00:06:47looking at this that there are a lot of moving parts. This is a very complicated code base. So
00:06:51it makes for a good example for everything I'm going to cover with you here, all of the strategies.
00:06:57And so going to get as long-term memory, I'll show you an example right here of a one-liner
00:07:03for all of my recent commit messages. And what I want to point out here is that we have a very
00:07:09standard way of creating these commit messages. So we have our merges, but we also have all these
00:07:13feature implementations and fixes. And so I have things very standard because that way I can rely
00:07:19on the commit messages to tell my coding agent what I've worked on recently, because a lot of
00:07:24the time that will guide us for what we want to work on next. And the reason I have this so
00:07:29standard is because there is a commit command that I run. Now, running a get commit is very easy,
00:07:36but if we want to standardize the message and have the coding agent help us with that,
00:07:40having a specific command is very powerful. So I have this full implementation that I did here
00:07:46in a single context window with the coding agent. I'm at the end now where I am ready to run my
00:07:51commit. And so if I just run slash commit, that's all I have to do. It's running this command that
00:07:55has the standardization for how I document any work that I did. And then also anything I did to improve
00:08:01my rules or command. So it's a two-part command. Here's what we built. Here's how we improve the
00:08:06AI layer. And so it's going to make this commit and I'll show you what it looks like after.

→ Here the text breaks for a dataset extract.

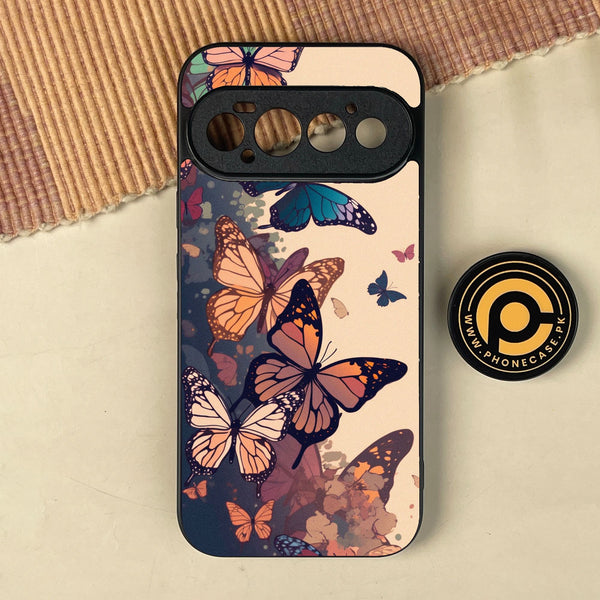 Google Pixel 11 Pro - Butterflies Design 6 - Premium Metal Printed Soft Bumper Shock Proof Case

00:08:10All right. So now looking at our commit message, we can see that we made some test improvements
00:08:14to the CLI. So a really nice prefix then getting into the details. And then also, so the coding
00:08:19agent knows how its own rules and commands are evolving over time. We include that in the commit
00:08:23message whenever we find an opportunity to improve, let's say our plan command, for example. And of
00:08:29course this commit command is one of the resources that I have for you in the repository. If you want
00:08:33to use this as a starting point, but I also encourage you to customize what your commit
00:08:37messages look like. The important thing here is we standardize the messages. We make them very
00:08:41detailed so we can use it as long-term memory. All right. So the second right strategy is to
00:08:47always start a brand new context window whenever you are writing any code. No matter what I'm working
00:08:53on, my workflow is always, I have one conversation to plan with the coding agent. I'll create some
00:08:57kind of markdown that has my structured plan. And then I'll send that in as the only context to a new
00:09:03session going into the implementation. And so it's very important here that your spec has all of the
00:09:08context the agent needs to write the code and do the validation. So for example, in this conversation,
00:09:14I am just doing planning. So I run my prime to start. I'll talk about this in a little bit.
00:09:18I load in context and then I create my plan with this command. So it's another one that I have as
00:09:24the resource for you. This essentially walks through for the coding agent. Here's the exact structure
00:09:28that we want to create for our single markdown document. So going from our short-term memory
00:09:33into a single document. And then we end the session here. We go to a brand new context window
00:09:38and we go with our implementation. So I have my execute command. And then this is where I can
00:09:42specify the path to my structure plan. No other context because this should have everything that
00:09:48it needs. This is very important because it keeps our coding agent extremely focused on the task at
00:09:53hand. There can be a lot of research and other things that just muddles the context window.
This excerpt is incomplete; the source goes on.